Le ministère allemand de l’Economie prévoit d’investir neuf milliards d’euros dans le développement de la filière hydrogène, avec comme ambition de devenir « fournisseur et producteur numéro 1 » au niveau mondial. Deux enveloppes -l’une de sept milliards au niveau national et l’autre de deux milliards pour le développement de partenariats internationaux- sont prévues. La somme s’ajoute aux 700 millions déjà débloqués par le passé. Elle est l’un des éléments du plan de relance présenté début juin 2020 par le gouvernement pour relancer l’économie après la crise sanitaire. Les poids lourds sont visés au premier plan. Dans le domaine de la navigation fluviale, on compte quelques rares projets.
Berlin entend mettre sur pied d’ici 2030 des capacités de production de 5 gigawatt de courant à partir de l’électrolyse, dont 20 % d’hydrogène « vert » ou « bleu », tous deux neutres en termes de CO2. La capacité de production doit atteindre 10 gigawatt avant 2040. L’hydrogène « vert » est produit à partir des énergies renouvelables, l’hydrogène « bleu » est produit à partir de gaz naturel. On parle d’hydrogène « gris » lorsque les émissions de CO2 résultant de la production d’hydrogène bleu ne sont pas récupérées et enfouies.

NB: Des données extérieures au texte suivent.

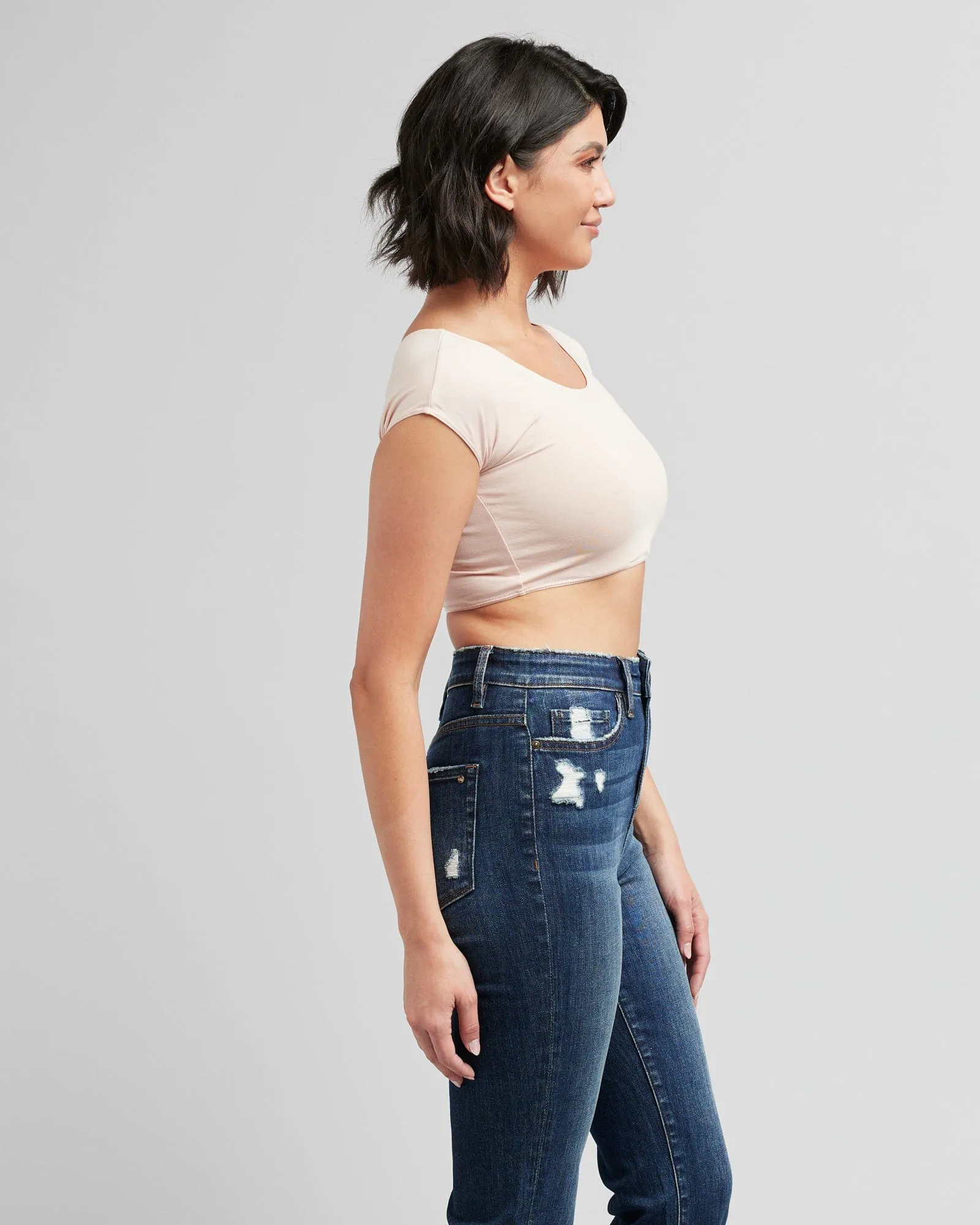 Demi Tee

Contribuer à la préservation du climat
« Pour des raisons de compétitivité, et surtout pour atteindre nos objectifs climatiques », l’Allemagne veut devenir numéro 1, a déclaré le ministre de l’Economie Peter Altmaier. Dans un document publié début février, son ministère précisait dans un document de 21 pages : « Il s’agit de consolider l’avance prise par les entreprises allemandes en matière d’hydrogène, de créer de nouvelles chaînes de valeur pour l’économie allemande et de contribuer à la préservation du climat ». Cinq champs d’action étaient alors définis, de la production au stockage en passant par la mise en place d’un réseau de distribution sur l’ensemble du territoire.

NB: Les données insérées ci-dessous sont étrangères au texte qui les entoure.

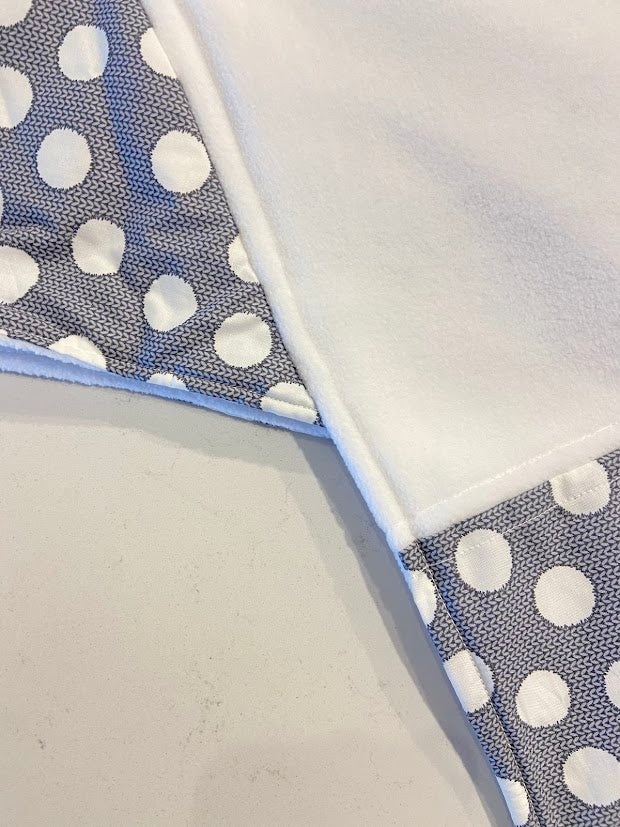 Capuche et foulard en polard combiner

L’hydrogène est perçu comme stratégique pour les secteurs de l’industrie particulièrement consommateurs en énergie comme la sidérurgie, la chimie ou les cimenteries ainsi que pour les transports. Berlin veut à tout prix éviter de répéter les erreurs commises au début du siècle dans le domaine du solaire. L’Allemagne, qui avait pris une longueur d’avance en la matière, avait dû abandonner la production de panneaux solaires à la Chine, suite à une politique de subvention du secteur inadaptée.

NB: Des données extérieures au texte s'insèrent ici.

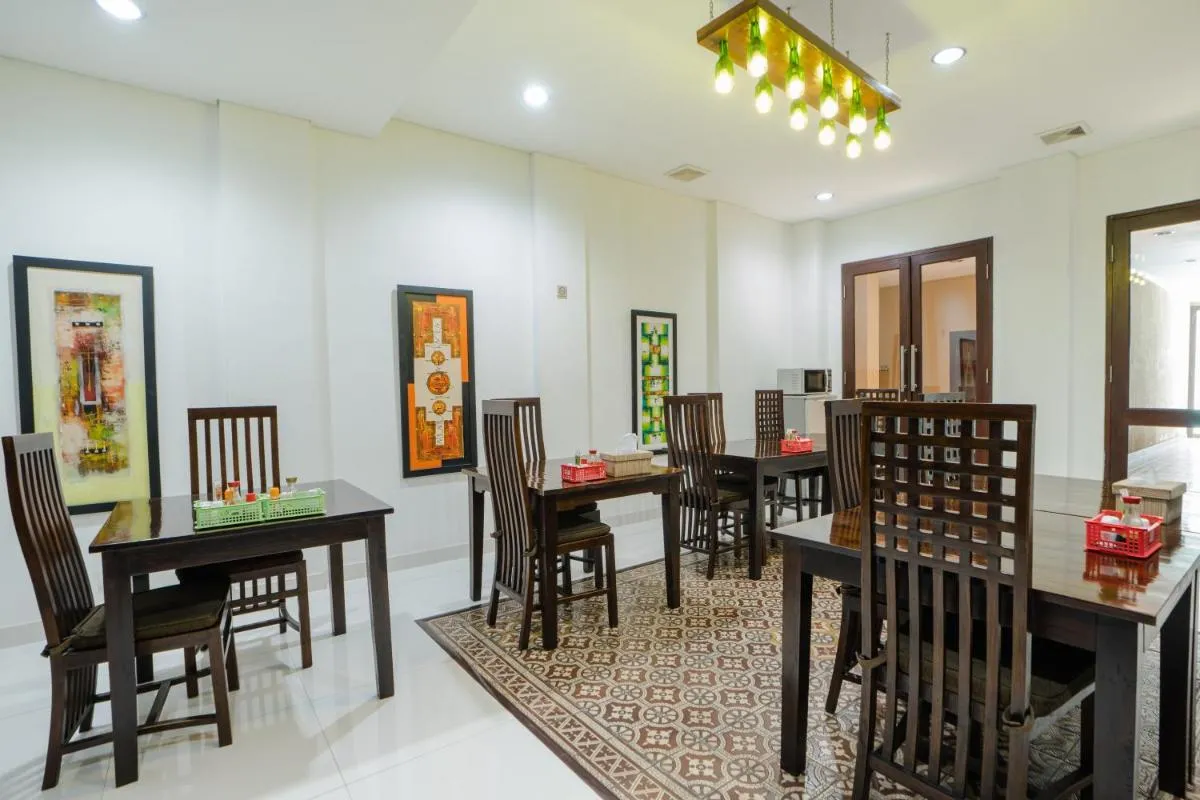 Image 4 of ARCS House Menteng by Jambuluwuk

Le plan hydrogène n’évoque qu’en quelques lignes la navigation intérieure. Mais des projets existent (voir l'article). Un autre regroupe le producteur d’électricité Eon, le port de Rotterdam et les deux ports allemands de DeltaPort sur le Rhin à Voerde et Wesel. L’objectif est de développer à Wesel une installation produisant de l’hydrogène, qui permettrait aux navires - marchandises comme passagers- de faire le plein. La structure devrait même permettre à des locomotives ou à des camions de changer leurs batteries ou de faire le plein. Le site de Wesel présente, selon Eon, des conditions idéales, du fait de la présence d’une usine de fabrication d’aluminium qui permettrait d’utiliser la chaleur pour produire l’hydrogène. Le concept doit être applicable à d’autres ports européens.
Manque d’infrastructures dans les ports
En début d’année, plusieurs professionnels de la navigation fluviale réunis à Lüneburg avaient déploré le manque de soutien apporté par le gouvernement aux nouvelles technologies dans la navigation fluviale. Andreas Keil du transporteur Rüdebusch de Braunschweig demandait notamment : « Le gouvernement doit offrir à la navigation fluviale les mêmes avantages pour développer l’hydrogène que ceux dont bénéficient les poids lourds. A l’heure actuelle, il manque dans les ports les infrastructures qui permettraient de faire le plein » en énergie propre. Equiper un bateau d’un moteur à hydrogène n’est pour l’heure pas rentable, ajoutait Peter Nibbe, de l’entreprise de conseil du même nom, évoquant le coût très élevé de la technique aujourd’hui. Le plan hydrogène du gouvernement a notamment pour but de faire baisser ces coûts.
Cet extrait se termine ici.